Activity — Each line in the material below, starting at the one that contains "Now we can align" and ending at the one that contains "This is BRIG", should be repeated exactly; the pictures should not.

Information provided —
☆ ☆ ☆

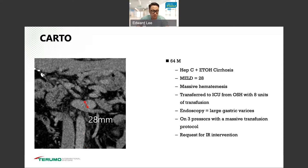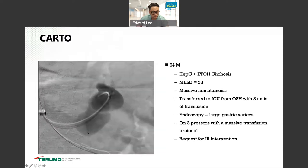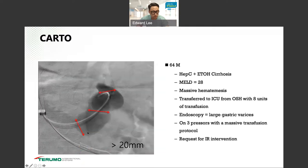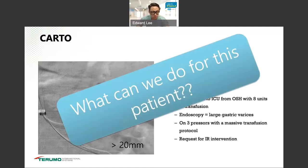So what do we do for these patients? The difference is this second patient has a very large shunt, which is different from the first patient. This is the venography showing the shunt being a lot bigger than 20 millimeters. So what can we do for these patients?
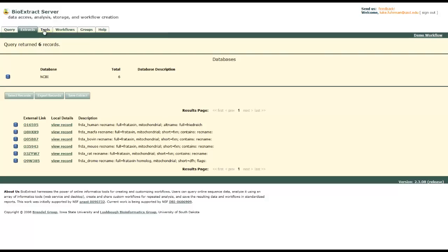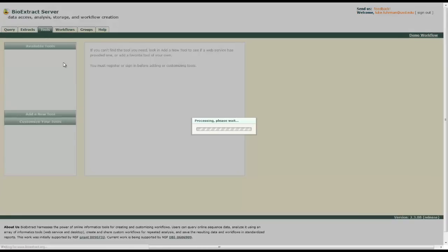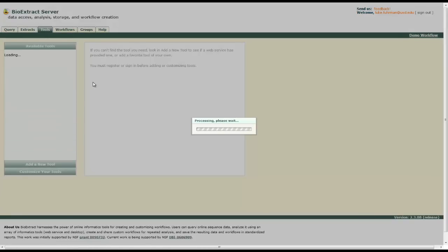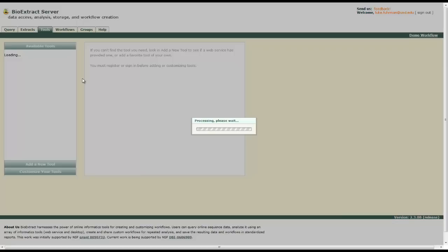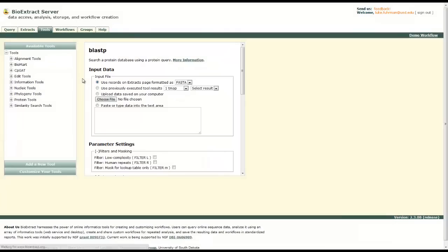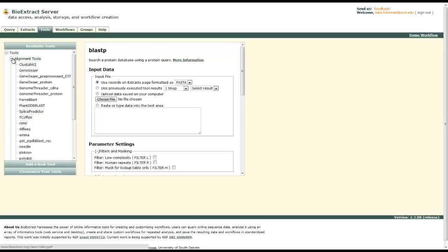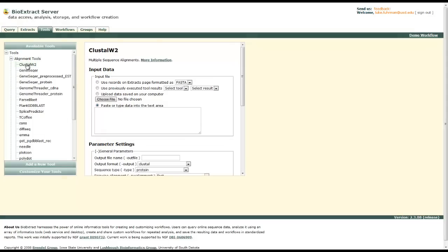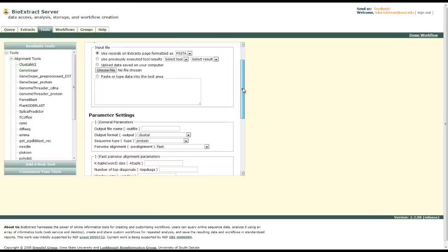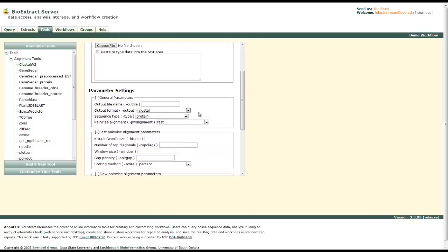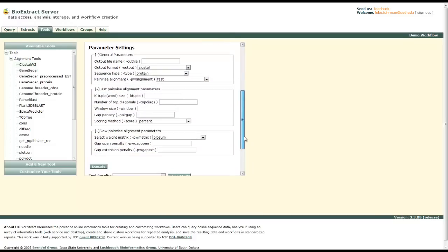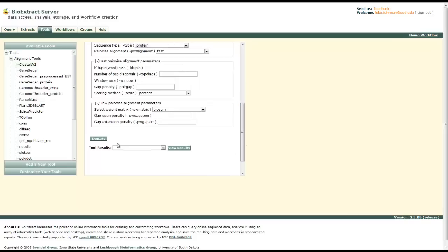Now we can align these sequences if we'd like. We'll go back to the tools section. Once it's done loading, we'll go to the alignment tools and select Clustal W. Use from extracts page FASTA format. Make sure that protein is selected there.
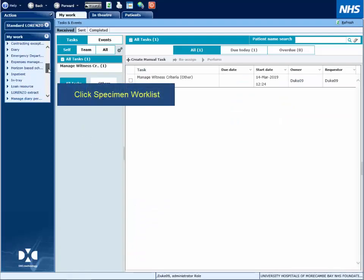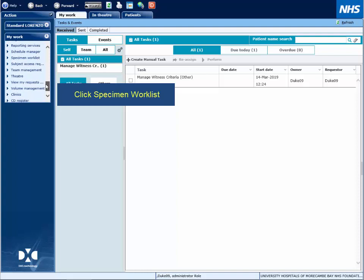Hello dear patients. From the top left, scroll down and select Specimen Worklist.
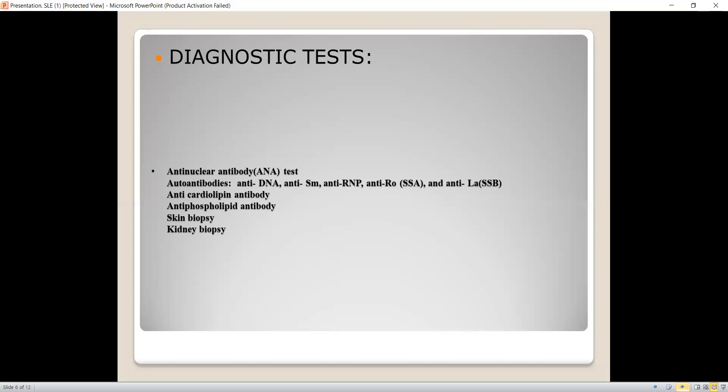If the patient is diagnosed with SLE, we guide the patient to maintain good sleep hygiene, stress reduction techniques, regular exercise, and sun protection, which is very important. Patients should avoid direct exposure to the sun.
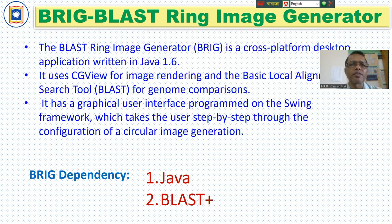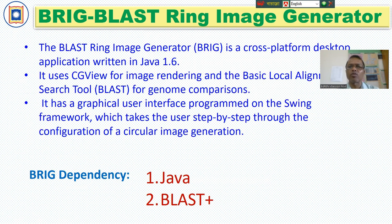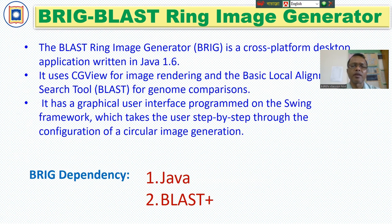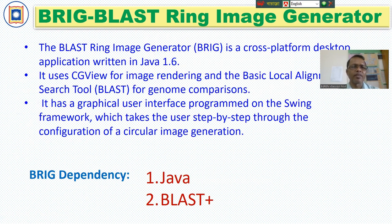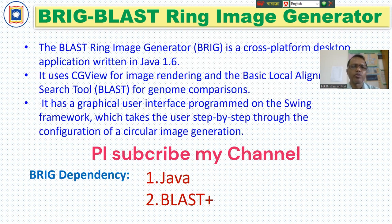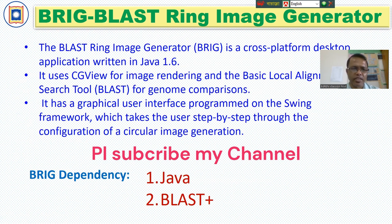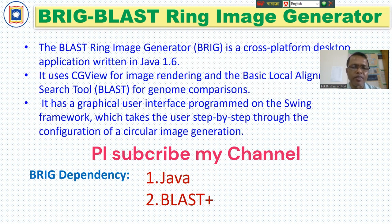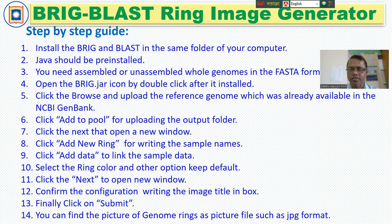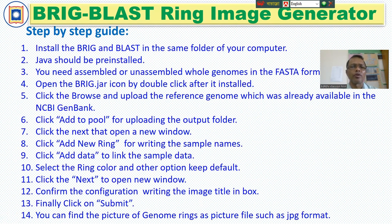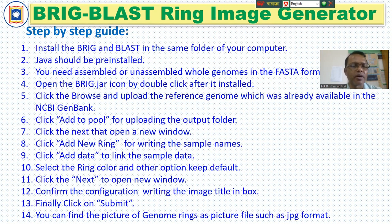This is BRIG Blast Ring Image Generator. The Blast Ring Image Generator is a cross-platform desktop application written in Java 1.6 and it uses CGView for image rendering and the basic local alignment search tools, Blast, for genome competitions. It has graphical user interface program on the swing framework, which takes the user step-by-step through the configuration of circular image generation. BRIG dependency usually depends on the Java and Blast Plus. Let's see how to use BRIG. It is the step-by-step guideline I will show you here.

☆ ☆ ☆

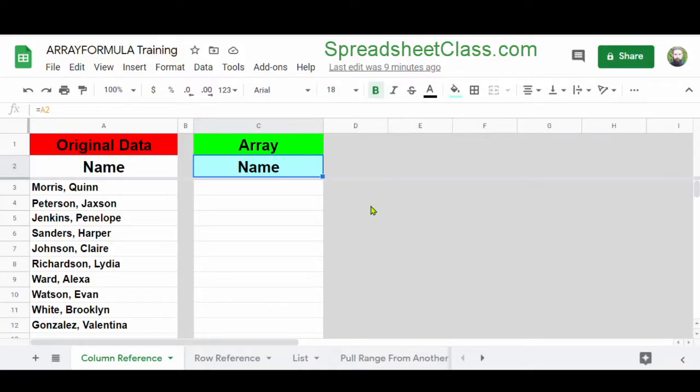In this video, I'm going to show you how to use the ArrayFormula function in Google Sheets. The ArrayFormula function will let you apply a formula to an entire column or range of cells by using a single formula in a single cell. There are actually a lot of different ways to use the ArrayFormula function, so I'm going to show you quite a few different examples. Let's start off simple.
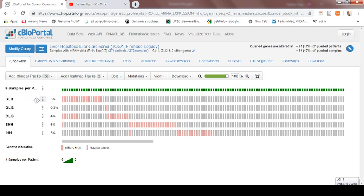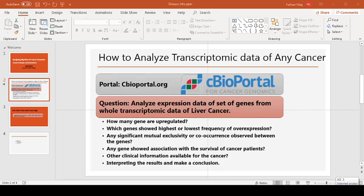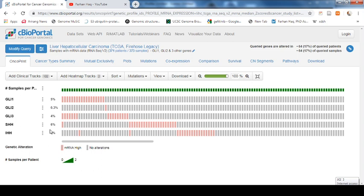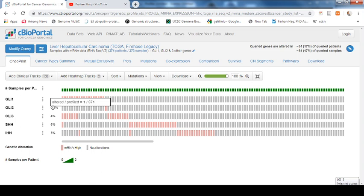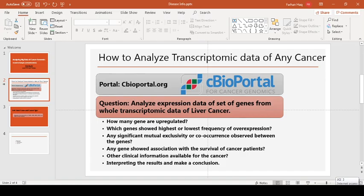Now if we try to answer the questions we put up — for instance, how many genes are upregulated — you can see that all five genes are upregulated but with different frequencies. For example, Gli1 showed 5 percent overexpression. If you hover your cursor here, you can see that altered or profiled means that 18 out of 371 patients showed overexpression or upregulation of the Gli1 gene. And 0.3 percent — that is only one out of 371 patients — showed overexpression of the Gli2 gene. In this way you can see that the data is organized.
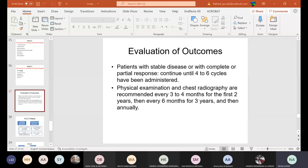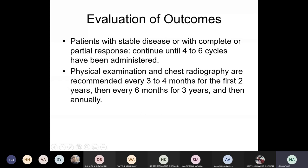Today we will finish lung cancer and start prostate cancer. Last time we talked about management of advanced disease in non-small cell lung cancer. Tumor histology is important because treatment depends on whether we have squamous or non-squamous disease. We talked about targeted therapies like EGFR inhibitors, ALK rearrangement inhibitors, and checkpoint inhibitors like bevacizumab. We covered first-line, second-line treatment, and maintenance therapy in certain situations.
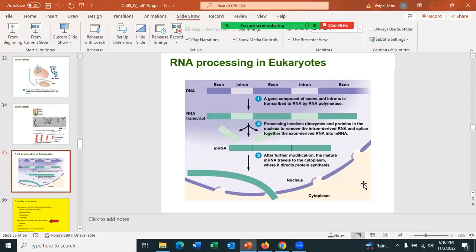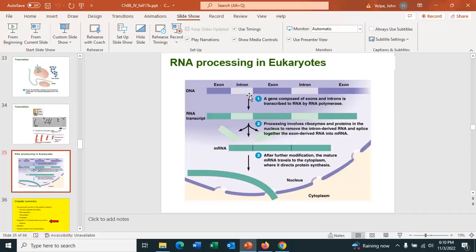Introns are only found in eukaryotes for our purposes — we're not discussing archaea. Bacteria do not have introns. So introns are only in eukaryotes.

☆ ☆ ☆

Answer space —
Now we can align these sequences if we'd like. We'll go back to the tools section. Once it's done loading, we'll go to the alignment tools and select Clustal W. Use from extracts page FASTA format. Make sure that protein is selected there.
Hello dear patients. From the top left, scroll down and select Specimen Worklist.
If the patient is diagnosed with SLE, we guide the patient to maintain good sleep hygiene, stress reduction techniques, regular exercise, and sun protection, which is very important. Patients should avoid direct exposure to the sun.
This is BRIG Blast Ring Image Generator. The Blast Ring Image Generator is a cross-platform desktop application written in Java 1.6 and it uses CGView for image rendering and the basic local alignment search tools, Blast, for genome competitions. It has graphical user interface program on the swing framework, which takes the user step-by-step through the configuration of circular image generation. BRIG dependency usually depends on the Java and Blast Plus. Let's see how to use BRIG. It is the step-by-step guideline I will show you here.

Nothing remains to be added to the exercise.